O amor não contempla comparações e mesmo que as admitisse, numa tola suposição, como equiparar emoções, como perceber, em absoluto e sem resquício de dúvida, se um amor é mais feliz do que o outro, em maior quantidade do que outro, mais completo ou perfeito do que os demais? Os afetos, cada um por si, têm vida e existência próprias. Existem na sua exata medida, proporção e dimensão, as quais lhe são exclusivas. Não se podem relacionar nem relativizar perante o que quer que seja, nem mesmo por sentimentos que julgamos pares ou equiparáveis. São avaliáveis as expressões que deles emanam. São mensuráveis as manifestações que podem originar em cada um dos amantes. As formas como exaltam ou calam os afetos para o exterior. São visíveis as ações, mais ou menos românticas, mais ou menos exteriorizáveis de algo que vai na alma. Porém, é paupérrimo e vácuo qualquer argumento que, em função do que é visível, se preste a avaliar, quantificar ou qualificar um amor em função de outro. Isso é conversa de vizinhança desocupada, de amigos que se prestam mais a julgar do que a compreender ou meramente a aceitar a realidade dos outros, já que cada um tem a sua, disso que não se duvide.

Assim, e ainda que longe destas considerações, já que era homem pragmático pouco dado a teorias filosóficas ou pensamentos demasiado abstratos e elaborados, Aquilino considerava-se feliz. Amava e era amado. Um amor satisfatório, dado que preenchia medidas e requisitos de ambos os envolvidos, ou assim o aceitava sem grandes inquietações. Considerava-se um homem feliz, realizado, com motivos de orgulho pessoal e profissional. Tinha uma mulher fantástica a seu lado, a quem se dedicava exclusiva e apaixonadamente – ou algo equiparado –, e uma profissão que, sem grande espaço de manobra para se falar em carreira, lhe proporcionava, apesar disso, conforto e cujo desempenho lhe agradava. Havia acomodação em tudo isso, mas era consentânea com a sua preguiçosa forma de ser e de estar na vida. Era homem de uma só mulher. Uma casa na cidade, à distância apenas de algumas estações de metro do trabalho, e sem ter de mudar de linha – esse tinha sido um dos seus requisitos quando procuraram casa –, ainda um pequeno apartamento alugado em Armação de Pera, durante uma quinzena para umas rotineiras, mas sempre desejadas férias. Sempre o mesmo apartamento, alugado de ano para ano, à mesma proprietária. Um ramerrame que estava para Aquilino como o ronronar está para os felinos. Previsível, mas, ainda assim, agradável. Morno. Sem surpresas nem desagravos. Era o seu naco de vida. A sua quota-parte de conquistas. O seu pedaço de mundo. Bastante mais do que a maioria e suficiente para a sua boca. Tudo na medida certa. Um verdadeiro reino, onde se sentia dono e senhor. Quando pensava nisso, sorria interiormente de satisfação. Um amor, um espaço seguro, uma cama quente onde se aconchegar e coisas para fazer num escritório onde se sentia útil. Tudo o resto são adereços e os acessórios, é sabido, não enchem a alma nem acalentam o espírito.
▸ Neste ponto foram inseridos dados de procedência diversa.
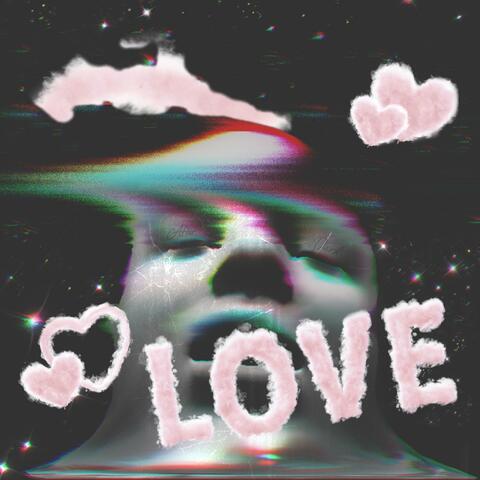Obscure Love Story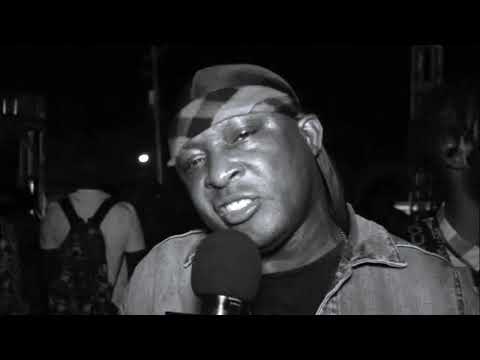 Killamanjaro Vs Travellers 11 Jan 1997 Highgate St Mary Jamaica | Sound Clash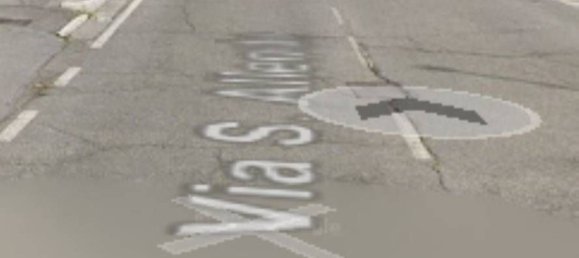 Apartamento de 2 dormitorios en Montichiari, Italy No. 381881 3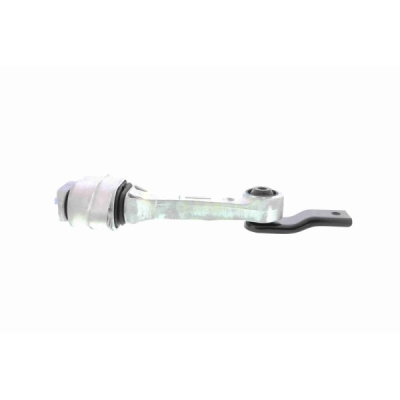 Suport motor VAICO V10-1410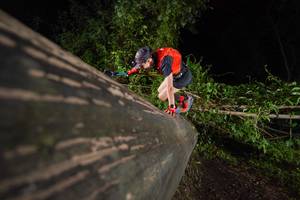 BIB: 
                            <button type="button" onclick="openModal(18511394)" class="btn btn-primary btn-sm float-right btn-popup" data-toggle="modal" data-target=".modal-high-quality">
                        <i class="fas fa-shopping-cart"></i> Add to Cart
                    </button>
                                            <button type="button" onclick="isThisMe(18511394, true)" class="btn btn-success btn-sm float-right btn-popup btn-isme hidden" data-toggle="tooltip" data-placement="bottom" title="นี่คือรูปของคุณใช่ไหม คลิกที่นี่เพื่อเอาเข้าอัลบั้ม">
                        <i class="fas fa-plus"></i> Add to album
                    </button>
                    <button type="button" onclick="isThisMe(18511394, false)" class="btn btn-warning btn-sm float-right btn-popup btn-isnotme hidden">
                        <i class="fas fa-ban"></i> Remove from album
                    </button>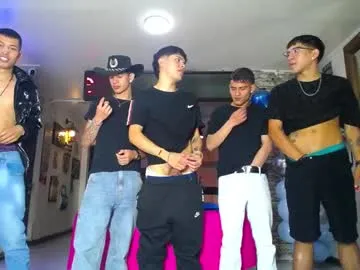 susannahxx – webcam model profile photo Image 10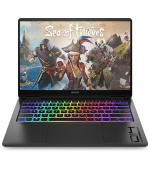 HP NTB OMEN Transcend 14-fb1004nc/Ultra 9 285H/32GB LP/1TB SSD/GF RTX 5070 8GB/14" 2.8K OLED BW 120Hz/celokov/WIN 11 H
O dia tinha começado com ameaça de tempestade, num abril em tudo insólito, por razões várias e bizarras, onde pandemia e pandemónio se aproximavam tanto na vida de todos quanto no dicionário. Trovejava, pelo que Aquilino temeu usar o elevador. Iniciava a descida dos oito lanços de escada quando, da porta ao lado da sua, saiu a nova vizinha. Uns sorrisos, uma curta apresentação e ambos a explicarem a vontade de exercitar as pernas em vez e arriscarem ficar presos no elevador, não obstante haver um circuito seguro exclusivo dos ascensores, como lhes haviam explicado, mas… O seguro morreu de velho e tranquilamente, pelo que valia a pena seguir-lhe o exemplo. Entre um e outro patamar, Aquilino ia rejuvenescendo. Claro que os anjos ajudam na descida, mas aquele anjo era deveras prestável. Não apenas aligeirava o passo e tonificava os músculos, como a cada degrau ia recuando no tempo. Quando chegaram ao átrio do edifício, Aquilino jurava ter menos quinze anos e acreditava que se verificasse o seu cartão de cidadão ele lhe diria isso mesmo.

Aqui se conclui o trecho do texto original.